Leo let it take what it wanted. The oni's life bled into him like ink: a taste of feral cunning, a faint map of the mountainous paths, and the tiniest slice of the creature's reflexive aggression. He felt the edges stitch into his muscles, a cold, efficient knowledge of how that oni bit and dodged.

When he let go the oni twitched, then stilled for good.

He staggered back, the world settling like a lens finding focus. The blade collapsed into flesh; the veins beneath his skin pulsed more pronouncedly than before. A small shard of memory lingered—an image of a cave-marker pattern, a smell he could now recognize at distance.

"Okay," he said out loud, voice rough. "That's… a thing."

He wiped his hand on grass and watched as the mountain air seemed a little sharper, the bird calls arranged differently in his head. Not powerful in any flashy way—no monstrous transformation—but practical. A map in his head and a tiny boost to instinct. Enough to be useful, not enough to make him a monster yet.

"So normal animals don't work, demons do,' he said to himself, letting a grin cut across his face. 'Whoever wrote the cosmic patch notes really knew what they were doing. Or not. Either way, step one accomplished."

He packed the small oni carcass into a deep pit—no ritual, nothing pretty—just practical disposal. Then he sheathed his blade and started making his way back down the slope. He had data now: a working hypothesis, a direction for study, and—more importantly—proof that the Prototype package actually functioned in this world.

As he moved, a new consideration slid into his thoughts, quieter than the rest: "Don't tell the parents. Tokiko already told on me once; imagine the lecture if they found a used demon in the yard."

He pushed the idea away and picked up his pace. The village was still far off, and there was a lot to test—small steps, careful notes, no dramatic publicity stunts. Leo had plans, and this morning had just given him the first good one.

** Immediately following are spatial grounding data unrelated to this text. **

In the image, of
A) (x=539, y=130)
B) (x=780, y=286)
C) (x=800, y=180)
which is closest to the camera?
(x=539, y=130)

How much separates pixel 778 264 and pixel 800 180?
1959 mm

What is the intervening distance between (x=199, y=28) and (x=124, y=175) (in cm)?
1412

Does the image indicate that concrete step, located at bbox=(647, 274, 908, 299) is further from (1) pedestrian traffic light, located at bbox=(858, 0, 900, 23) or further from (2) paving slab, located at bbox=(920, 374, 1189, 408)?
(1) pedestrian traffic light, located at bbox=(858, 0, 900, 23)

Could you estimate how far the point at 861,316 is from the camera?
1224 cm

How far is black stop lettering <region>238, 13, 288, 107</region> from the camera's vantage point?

Leo started to walk away, his eyes flicking down to the blade that had replaced his arm. The black-red veins pulsed faintly in the light.

"So, even though I've got both James and Alex's powers, like that voice said…" He exhaled, watching the edges of the blade shimmer. "I'm definitely more like James Heller than Alex."

Leo twirled his arm slightly, watching the blade shift and dissolve back into muscle and skin, red tendrils coiling before sinking beneath the surface.

He flexed his hand, feeling the strange warmth lingering under his skin.

'Yeah… definitely more like Heller,' he thought. 'Alex was colder, methodical. Heller felt alive, angry—but his control came from emotion, not calculation.'

He raised his hand again, focusing. Black and crimson tendrils lashed outward, striking a nearby boulder. The impact cracked the rock in half before the tendrils snapped back into his arm like rubber bands.

Leo stared for a moment, blinking.

"Okay, that was—" He exhaled. "—both awesome and terrifying."

Then, after a pause, he added dryly, "Good thing nobody saw that, or they'd think I'm some kind of demonic blender."